Cell Epitope Predictions of SARS-CoV-2 Spike Protein and Its Variations

B Cell Epitopes

Altogether, 69 peptides of S protein were predicted as linear B cell epitopes (Figure S1 and Table S2). Among them, amino acid substitutions T29I, G476S, D936Y, S943P, and P1263L changed the length of the linear B cell epitopes, whereas V483A, Q675H, and A706V had no influence on the length of linear epitopes, and the others had no effect on linear B cell epitopes (Table 1). Notably, two amino acid substitutions within receptor-binding domain (RBD) had different impacts. G476S shortened epitope length from 13 to 11 amino acids (YQAGSTPCNGAEG to YQASSTPCNGV), whereas V483A remained the same. D936Y nearly abolished the original epitope (DSLSST, 936–941), whereas S943P induced the formation of a novel 9 amino acid epitope (DSLSSTAPAL, 936–945).

TABLE 1
www.frontiersin.org

Table 1. Variations in linear B cell epitope prediction of SARS-CoV-2 spike protein and its impacts.
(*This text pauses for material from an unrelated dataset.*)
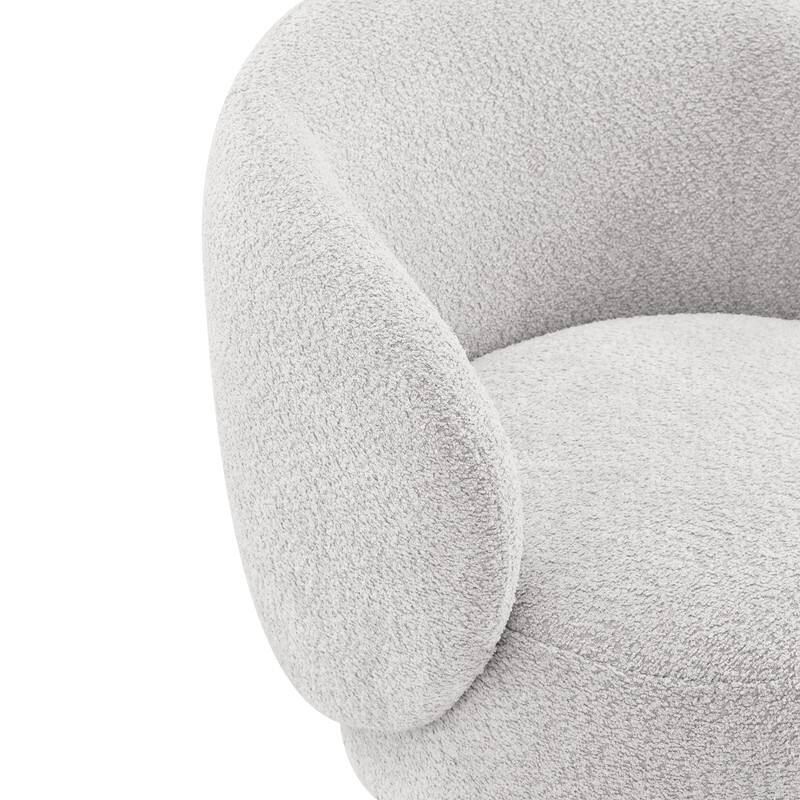 Spruce & Spring Ariel Upholstered Swivel Accent Chair Fabric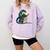 Lizard Reading Book Librarian Bookworm Reader Read Comfort Colors Sweatshirt Crimson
Using 3D structures of SARS-CoV-2 S protein, 175 discontinuous B cell epitopes were predicted (Table S2). Among the 18 substitution sites, only sites 476 and 706 were in discontinuous epitopes (Table 2). By construction of the 3D structures of S protein with the amino acid substitutions, we found that G476S substitution rendered the peptide as a non-epitope and A706V had no effect on epitope prediction.

TABLE 2
www.frontiersin.org

Table 2. Variations in discontinuous B cell epitope prediction of SARS-CoV-2 spike protein and its impacts.

T Cell Epitopes

To assess the effects of amino acid substitution on CTL epitopes of SARS-CoV-2 S protein, we first predicted epitopes of “wild type” S protein based on the 27 most frequent alleles in the global population because there is significant overlapping among different HLA class I alleles. We further confirmed CTL epitopes with the 12 most frequent HLA class I alleles in the population according to a previous report (17). Here, we identified 41 peptides as strong binders, indicated by a % rank below the specified threshold of 0.5% (Table S2). For variant S proteins, T29I, H49Y, Q239K, V367F, V483A, A706V, A831V, D839Y, S943P, A1078S, and P1263L were located in the predicted CTL epitopes according to the HLA class I allele (Table 3). In contrast, G476S, D614G, Q675H, A879S, D936Y, and G1124V were outside of the CTL epitopes. Binding level results of T29I, V367F, A706V, and A831V demonstrated that these substitutions had low binding affinity in HLA-A01:01, HLA-B07:02, and HLA-B35:01 compared to the wild type, while H49Y, Q239K, V483A, D839Y, S943P, A1078S, and P1263L substitutions still had strong binding affinity with HLA molecules.

TABLE 3
www.frontiersin.org

Table 3. Variations in cytotoxic T lymphocyte cell epitope prediction of SARS-CoV-2 spike protein and its impacts.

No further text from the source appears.